One Little Sticker


When children walk past me each morning I give them either get a hug or a high-five.

She wanted neither.

I have learned I know that I should not take it personally. But I can’t help it. Sometimes I do. On this particular day it made a little bit more sense to me. I had recently given her a consequence that made her angry.

That was a couple of days ago though. Today was a brand new day. And I had forgiven her.

I got word from her teacher she had had a good morning. Then something happened outside at recess. Nobody knew exactly what. So she left her classroom. I was called to come talk to her. Before conditions escalated. As they have in the past.

I found her and she reluctantly came with me to a classroom that was empty. So that we could talk. At least that was what I had hoped. Oftentimes she doesn’t though. Oftentimes she just ignores me. No matter how hard I try.

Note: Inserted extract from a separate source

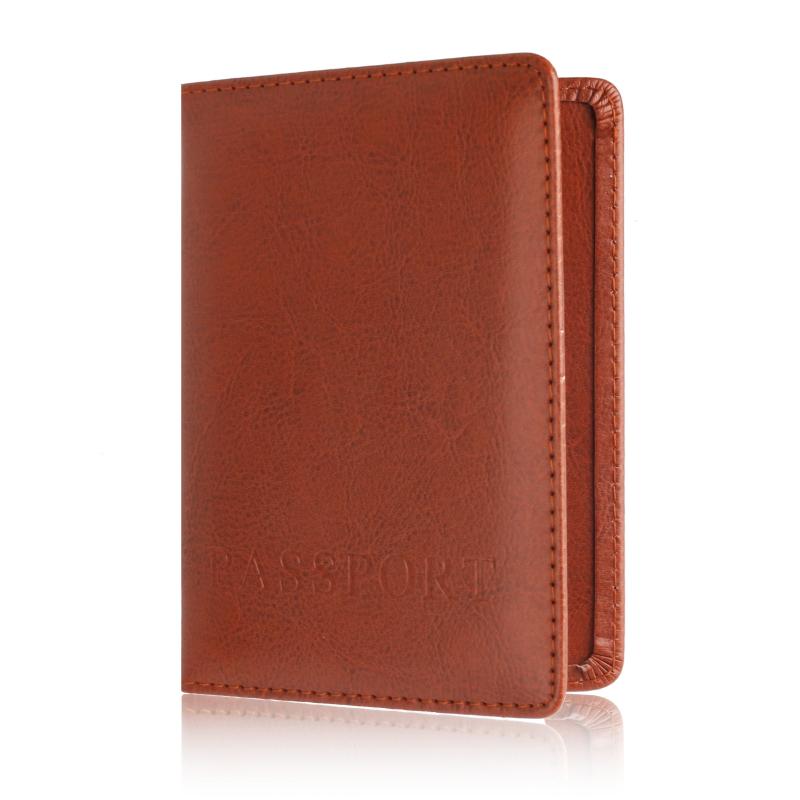 PU Leather Passport Holder Travel Document Organizer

Earlier in the week I had been in her classroom for over forty minutes. I politely attempted to engage her four or five times.


Worse than nothing.

She completely ignored me.

How disrespectful!

On the outside I stayed calm. But on the inside I was furious!

Maybe today would be different. Maybe today she would choose to be respectful. Because I am the assistant principal. And she is just a seven-year old child.

I asked her why she was upset. No response.

I asked her to talk to me. Nothing.

I asked her to sit down across from me. No movement.


“After I talk to you, can I return to my class?”

I agreed.

In this particular instance, the only thing she had done wrong was leave the class without permission. I told her that I only needed a minute.

So she sat down. And she gave me a little insight into why she was upset. I listened. Then I spoke. Just a little. I knew that sometimes she visits a family member who lives down the street from me. I asked her if maybe next summer she would want to go crabbing with my daughter and I. She nodded. I think. I’m not certain.

The minute was up. And I let her walk back into class. By herself.

With about ten minutes left in the day I was paged to the same room in which I had had my one minute chat. I was relieved to see that it wasn’t for her.

It was for a young man who was angry and had made a mess in an empty classroom. I simply informed him that he had to clean it up. So I sat down against the wall and just waited while he began cleaning up. And then. Out of the blue. She left her room again. But this time she had permission. This time …

She had earned a small pack of Star Wars stickers for turning her day around. And she wanted to give me one.


She handed it to me and I immediately stuck it on my shirt. With the pride of a newly appointed four star general. And just like that. She was back in her room.

I couldn’t believe what had just happened. The child who never wanted to talk to me. Who would sometimes pull away from me and other times walk away from me. Gave me a sticker.

What am I, five years old!?

I was so excited. I was so proud of myself for not having given up on this child. But I did not wake up at four am to share my story. I woke up early because I wanted to share hers’.

I am the adult. I am paid to care. I should care. I am not going to give up on a child. That is my job!

But her? What made her decide not to give up on me?

I am not sure. But I am glad she didn’t.

When I was finally done patting myself on the back. And was able to take a step back. I realized something.

Sharing is not always easy. Opening up is not always easy. Especially with those that hold some sort of authority over us. Oftentimes it is easier just to keep our worries to ourselves. To remain safe and guarded.

And yet everyday we expect children to trust us with their innermost thoughts and concerns. Why?

Do we do the same? Or do we keep some of them guarded? I think if we are honest with ourselves, we would all admit that we keep a guard by the door.

As always, the children that I work with have much to teach me.

She could have given up on me. But she didn’t.

Never before has one little sticker meant so much.